** DIRECTIONS FOR THIS TASK **
Skipping the images, transcribe each record below as it is.

· · · ·

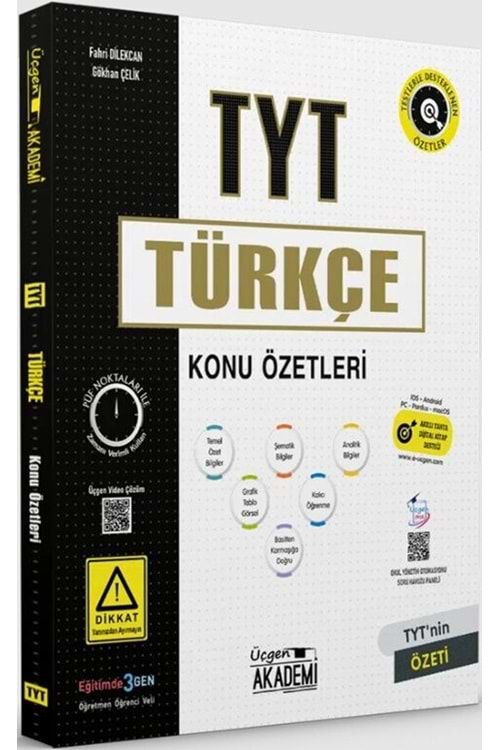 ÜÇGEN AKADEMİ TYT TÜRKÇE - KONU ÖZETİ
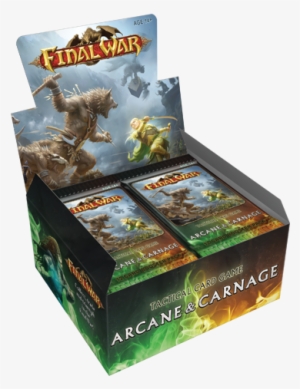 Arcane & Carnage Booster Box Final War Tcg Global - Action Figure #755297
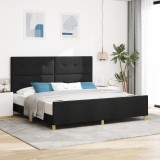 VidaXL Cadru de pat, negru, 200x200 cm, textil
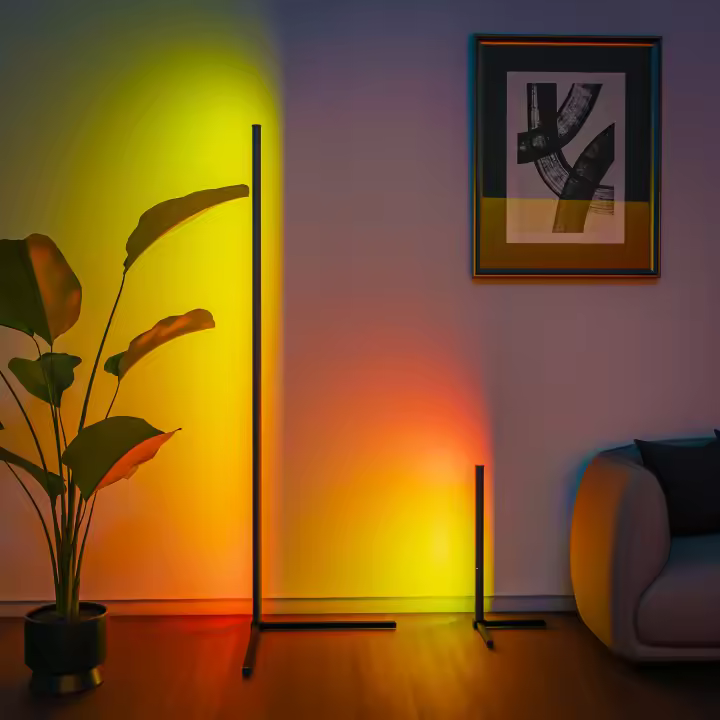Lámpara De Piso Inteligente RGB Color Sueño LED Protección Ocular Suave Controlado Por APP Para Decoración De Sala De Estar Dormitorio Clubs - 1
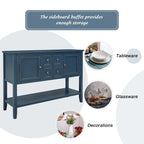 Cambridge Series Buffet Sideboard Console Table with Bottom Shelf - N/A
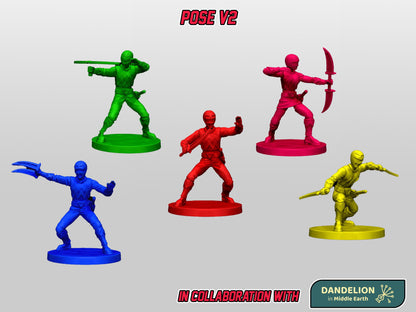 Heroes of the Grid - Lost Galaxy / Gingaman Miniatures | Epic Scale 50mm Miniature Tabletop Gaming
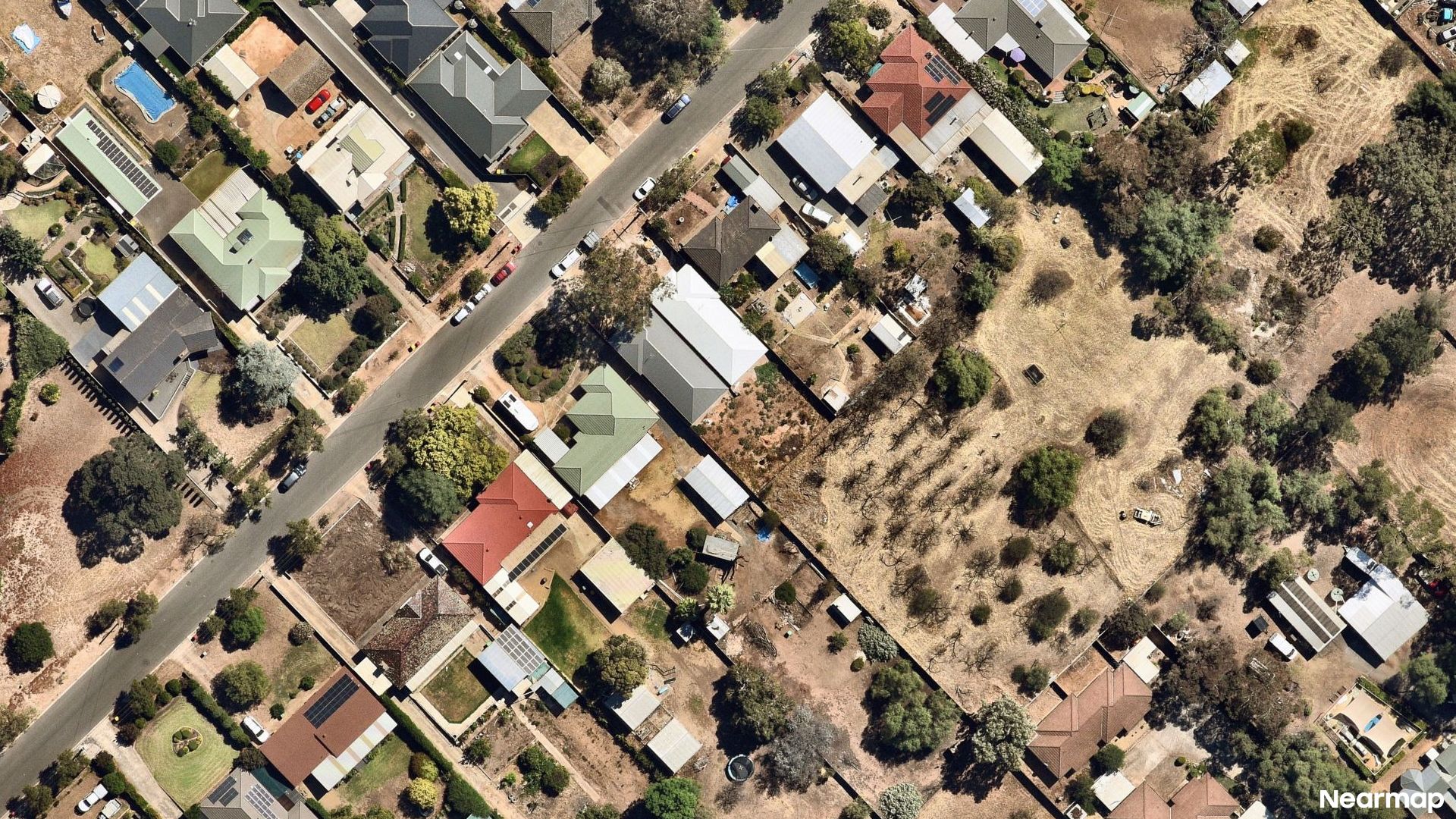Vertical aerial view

· · · ·

** RESPONSE AREA **
 ÜÇGEN AKADEMİ TYT TÜRKÇE - KONU ÖZETİ
 Arcane & Carnage Booster Box Final War Tcg Global - Action Figure #755297
 VidaXL Cadru de pat, negru, 200x200 cm, textil
Lámpara De Piso Inteligente RGB Color Sueño LED Protección Ocular Suave Controlado Por APP Para Decoración De Sala De Estar Dormitorio Clubs - 1
 Cambridge Series Buffet Sideboard Console Table with Bottom Shelf - N/A
 Heroes of the Grid - Lost Galaxy / Gingaman Miniatures | Epic Scale 50mm Miniature Tabletop Gaming
Vertical aerial view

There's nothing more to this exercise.